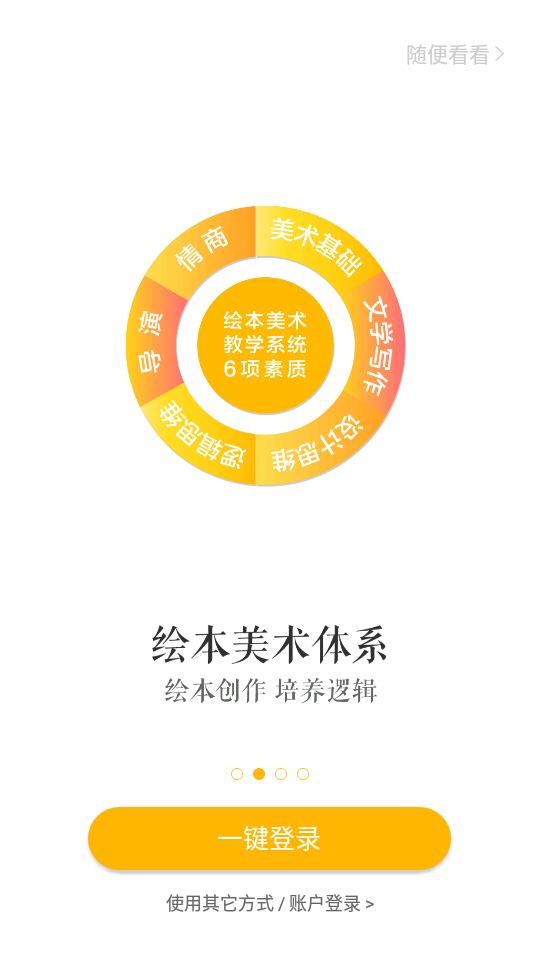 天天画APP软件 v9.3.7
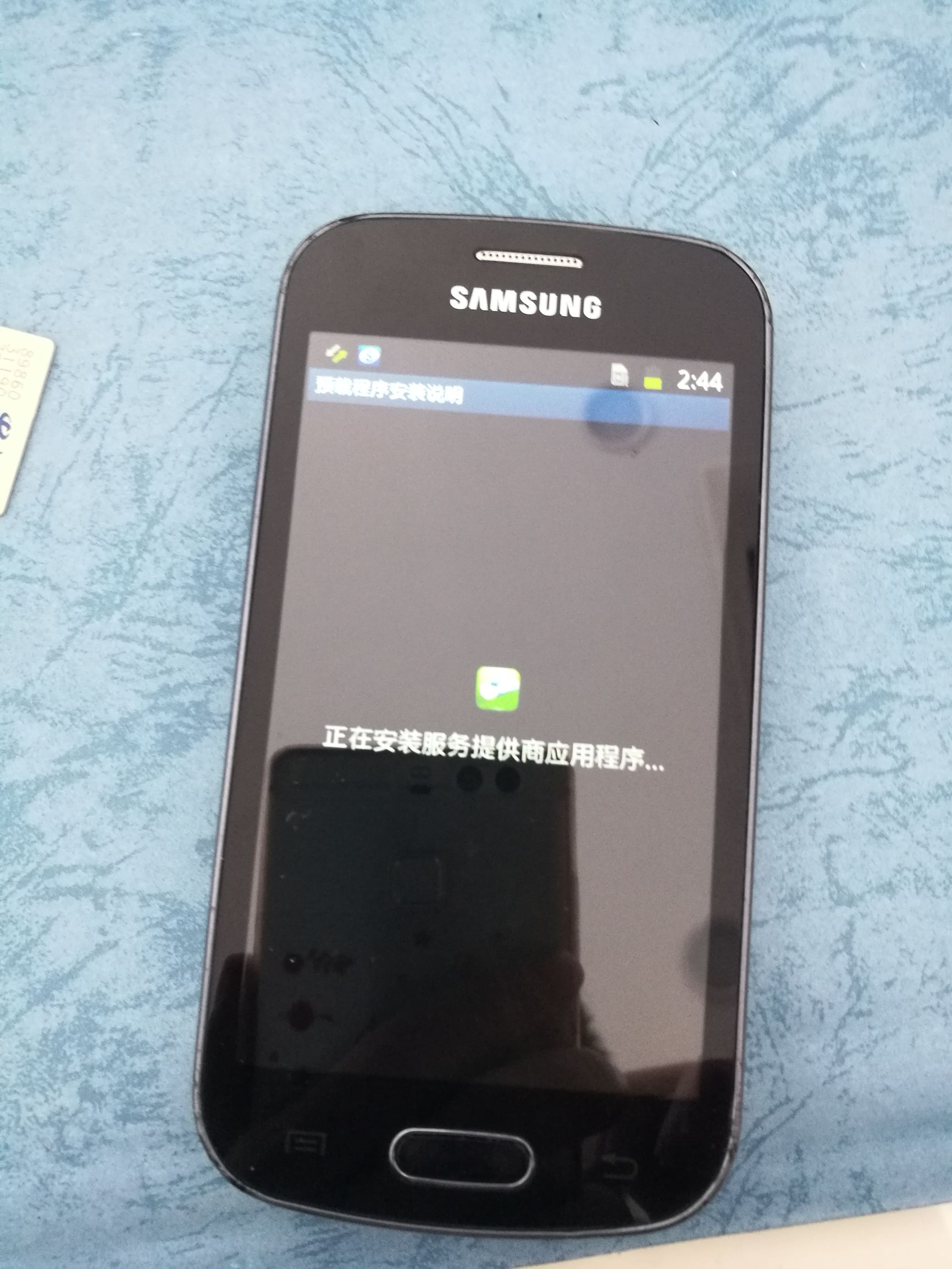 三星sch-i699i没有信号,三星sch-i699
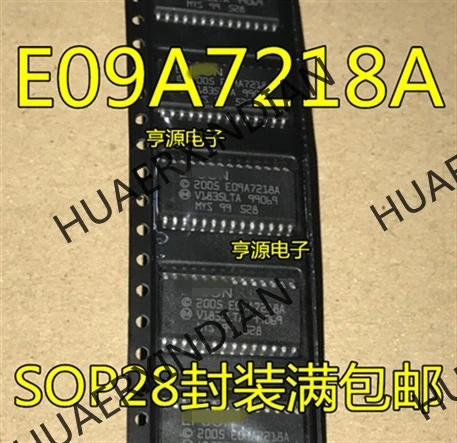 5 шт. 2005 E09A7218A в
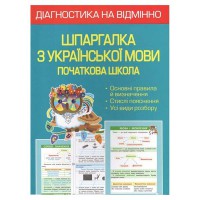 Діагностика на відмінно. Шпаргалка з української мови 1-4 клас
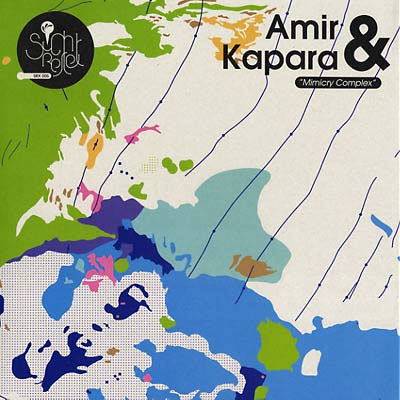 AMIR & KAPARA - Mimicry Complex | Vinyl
==
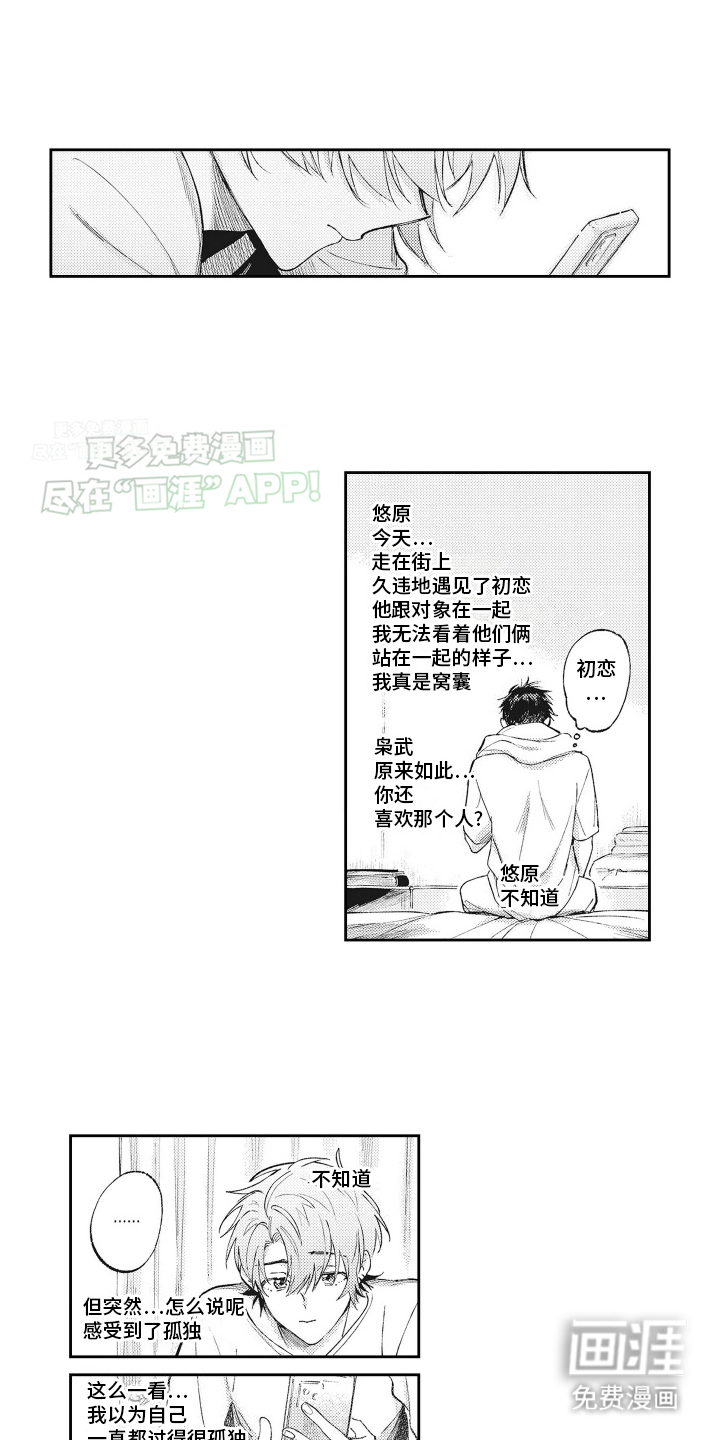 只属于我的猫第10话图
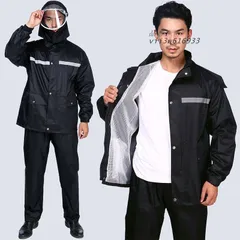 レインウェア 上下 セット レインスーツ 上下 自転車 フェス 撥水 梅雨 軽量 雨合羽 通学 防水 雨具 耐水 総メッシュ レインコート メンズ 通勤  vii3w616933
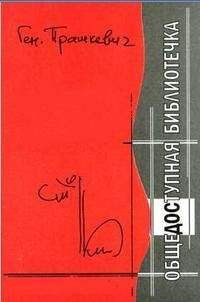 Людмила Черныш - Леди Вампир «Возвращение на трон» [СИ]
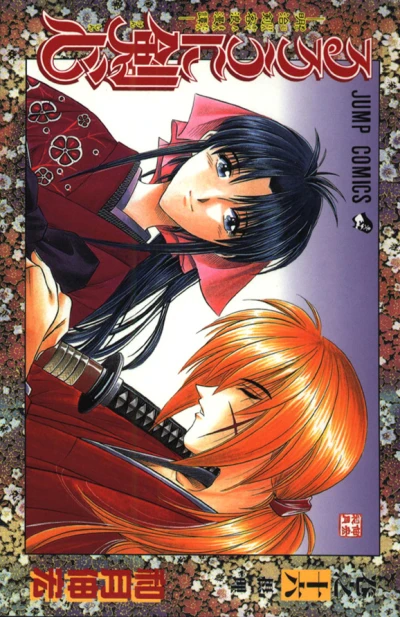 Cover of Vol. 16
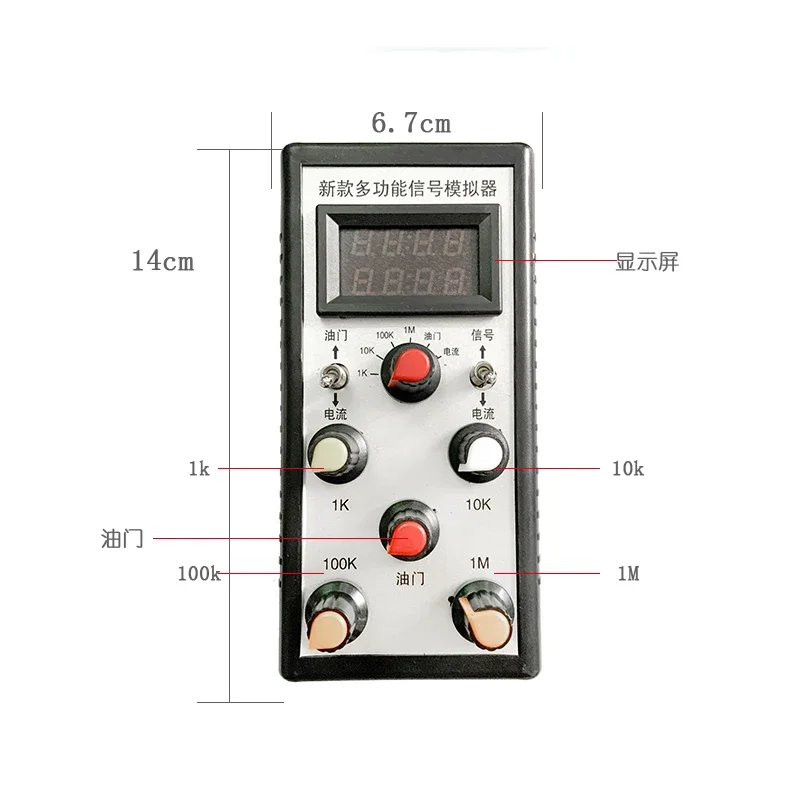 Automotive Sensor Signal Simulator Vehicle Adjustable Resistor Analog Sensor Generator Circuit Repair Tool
==
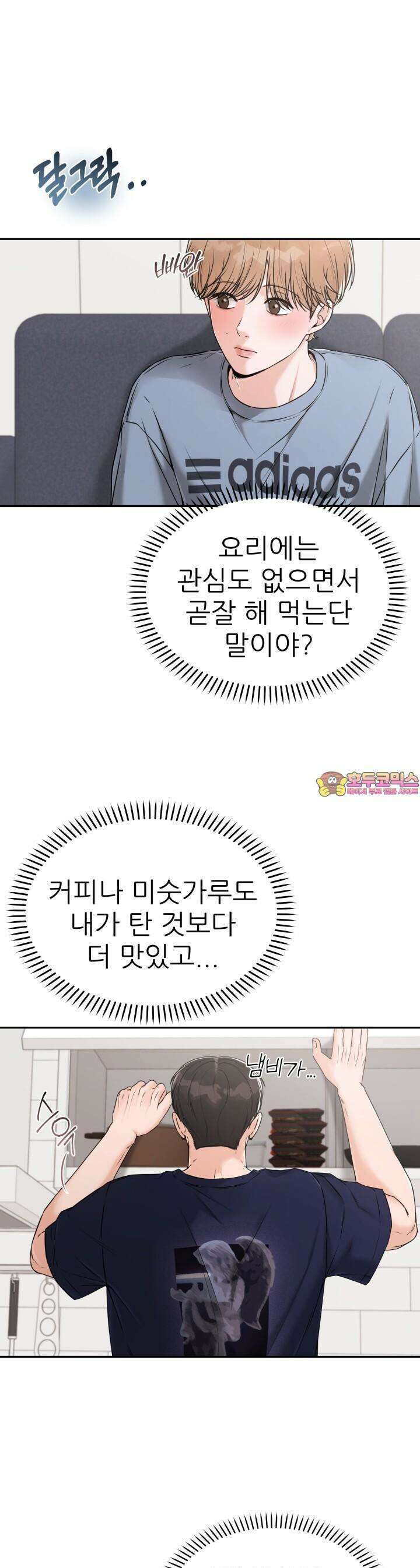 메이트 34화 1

* [What the task requires]: After locating the line containing "天天画APP软件 v9.3.7" in the entries above, return it and every line after it exactly, ending at the line containing "AMIR & KAPARA - Mimicry Complex | Vinyl", without pictures.

* [Answer to this problem]:
 天天画APP软件 v9.3.7
 三星sch-i699i没有信号,三星sch-i699
 5 шт. 2005 E09A7218A в
 Діагностика на відмінно. Шпаргалка з української мови 1-4 клас
 AMIR & KAPARA - Mimicry Complex | Vinyl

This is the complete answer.